Ma mère resta coite de surprise. Elle ne s’attendait pas à ce qu’une inconnue soit aussi tactile avec moi ! Elle décida de se fier à son instinct, qui lui disait qu’elle pouvait faire confiance à cette femme. Elle choisit de lancer une plaisanterie.

« Oh, ne vous fiez pas à son air angélique. Là, il fait son timide, mais il faut le voir à la maison ! »

Je n'émis aucun commentaire. J’avais juste envie de me poser, surtout après la nuit que j’avais passée, entrecoupée de rêves bizarres où j’entendais des jappements tantôt joyeux tantôt gémissants… mais c’était désormais le jour et on était loin de la cabane du verger. Je pensais pouvoir souffler lorsque la tornade avait débarqué. Décidément, je n'avais pas beaucoup de chance depuis mon arrivée dans ce village.

Mon regard se tourna vers les tourniquets où quelques bambins se chamaillaient. Une petite fille assise sur un banc les observait sous l’œil bienveillant d’une femme qui se tenait à ses côtés. Soudain, un changement s’opéra. Quelques mouches, venues de nulle part, se posèrent sur le visage de la gamine !

Je divaguais sans doute et décidai de fermer les yeux quelques instants avant de les rouvrir, mais c’était pire : des centaines d'insectes s'agglutinaient – si l'on peut dire car ils picoraient plutôt – sur le visage de l'enfant. L’essaim semblait vouloir lui arracher la peau avant de l’aspirer, et malgré cela, la petite fille riait !

C’est alors que des lettres se mirent à flotter dans l’espace – c’était reparti pour un tour !

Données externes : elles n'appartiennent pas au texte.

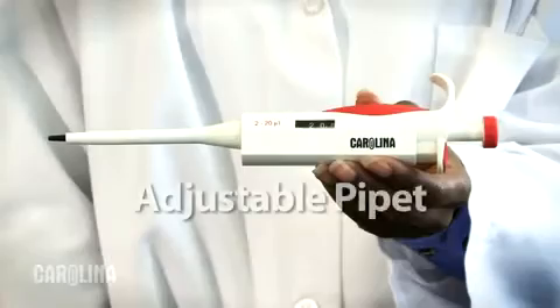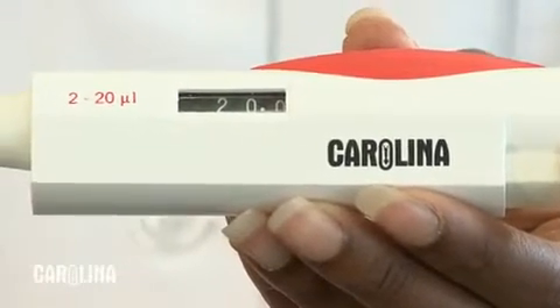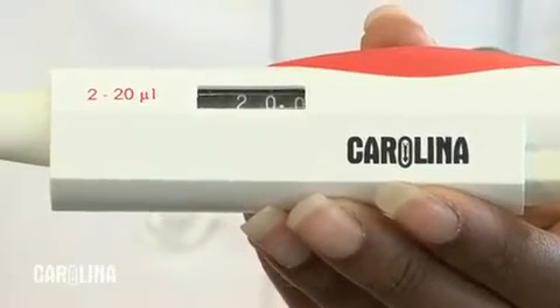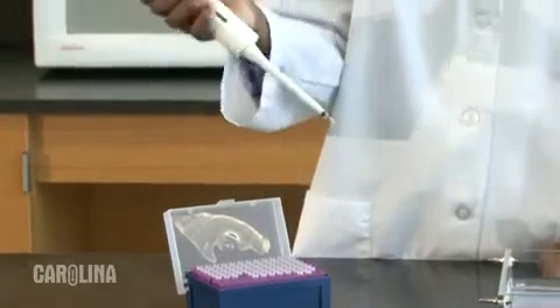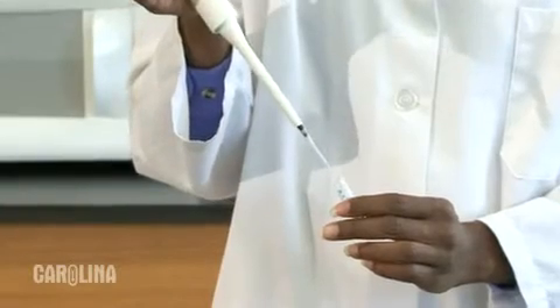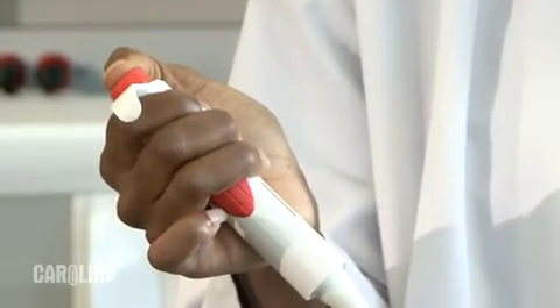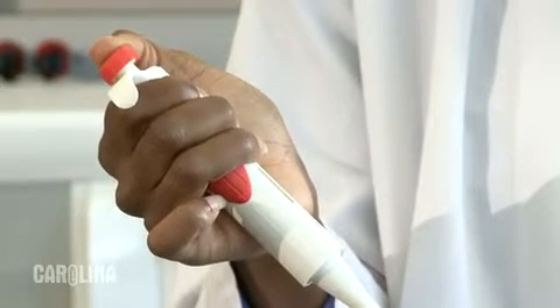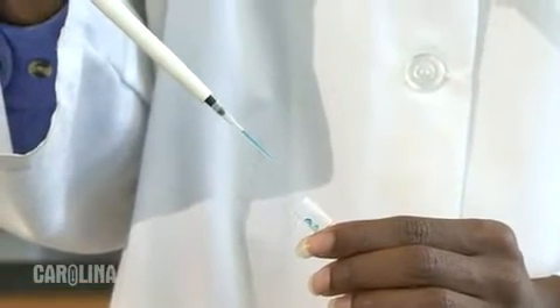If you are using an adjustable pipette, adjust the volume on the pipette to the needed volume — in this case, 20 microliters. Firmly place a tip on the pipette. Push the button on the top of the pipette down to the first stop. Place the tip into the sample while continuing to hold the button down. Draw the sample into the tip by slowly releasing the button. Don't allow the button to release too quickly.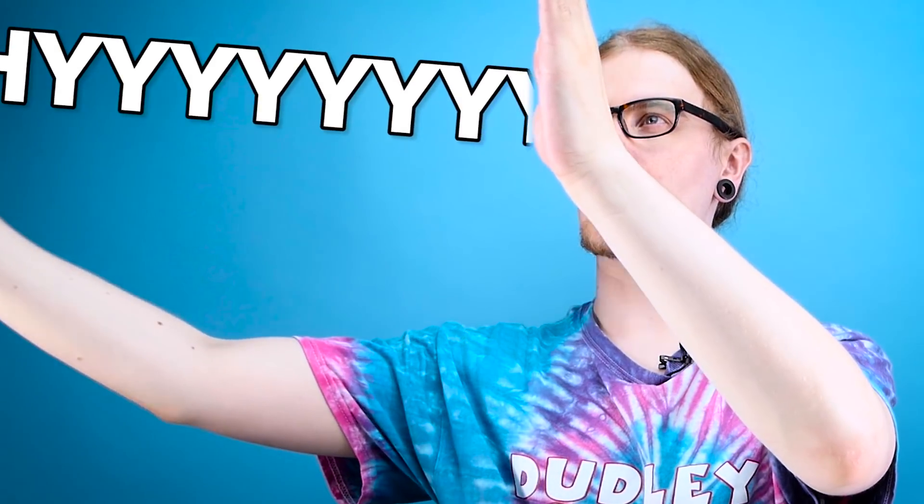Hey Ben, have you ever heard of DIY? Yes I have. Good, because we're going to try out some of those today. I'm literally not expecting any of these to actually improve my life in any way, shape or form, but you know, you don't know until you try.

Je me levai d’un bond en criant. Je devenais cinglé. Je fermai les yeux pour reprendre mes esprits. Quand je les rouvris, les lettres ainsi que les mouches avaient disparu.

« Fabien, Fabien, tu vas bien ? brailla ma mère, mais je ne l’entendis que faiblement.

– Pourquoi as-tu hurlé ? Qu’est-ce qui t’a fait peur ? Réponds-moi ! déclara-t-elle.

– Cette fois on rentre. Tu dois te reposer pour être en forme pour la rentrée, affirma mon père.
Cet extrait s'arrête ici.